Most instrumental music in Fiji functions as a signalling device. Purely instrumental music, common in former times, is now obsolete, and introduced instruments used for this purpose (e.g. those common in police and military bands) tend to be confined to urban areas. There does not appear to be a comprehensive term that identifies sound-producing instruments as an entity. According to the means of sound production, the inventory of traditional instruments is confined to idiophones and aerophones. Introduced chordophones include the qitā (guitar), ukalele (ukulele) and mandolin; all are used exclusively to accompany casual group singing.

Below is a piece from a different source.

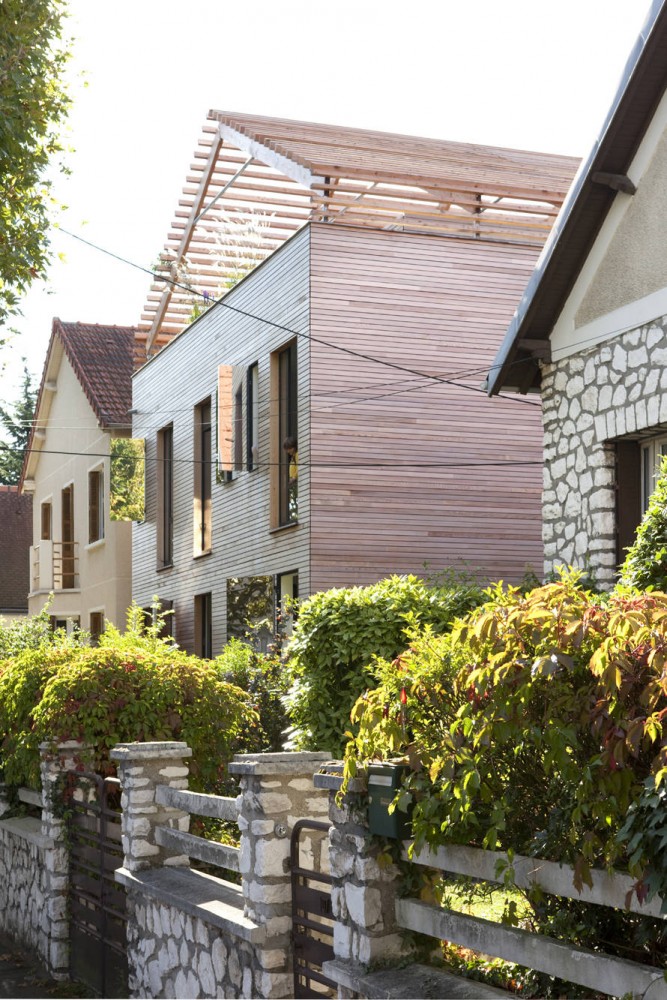 Eco-Sustainable House / Djuric Tardio Architectes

There are two principal types of wooden drum common throughout Fiji. Lali (large wooden slit-drums) are used to signal a variety of religious and secular activities of social significance, the precise rhythmic pattern varying according to the nature of the event. Constructed from a canoe-shaped single block of wood, hollowed out and left with a large open slot, lali are usually beaten in pairs of unequal size, one person to each drum (fig.16). Each drummer uses a specially crafted pair of iuaua (drumsticks). Due to the essentially functional nature of the instruments, the active repertory of qiriqirinilali (the rhythmic patterns of lali drums) varies in size and content according to the needs of a given community. The most common beat heard is the lali ni lotu, which signals church-related activities. The instruments were more frequently used in former times, and the discontinuation of certain qiriqirinilali seems directly attributable to the decline in former performance contexts (e.g. local warfare). A much smaller drum, the lali ni meke – slender, canoe-shaped, with a small rectangular cavity on its flat bottom – usually accompanies dancing and some forms of group singing. Struck on the curved side, usually directly over the cavity that acts as a resonating chamber, pitch variation is produced by varying the points of contact of the iuaua. To enhance the sound further, the chamber may be held against an adult’s chest or blocked by the player’s thigh and calf or upturned foot. The different rhythmic patterns belonging to the lali ni meke are named in some areas of Fiji. On both types of drum, daunilali (a skilled lali player) may demonstrate talent and expertise by improvising on the prescribed rhythmic pattern.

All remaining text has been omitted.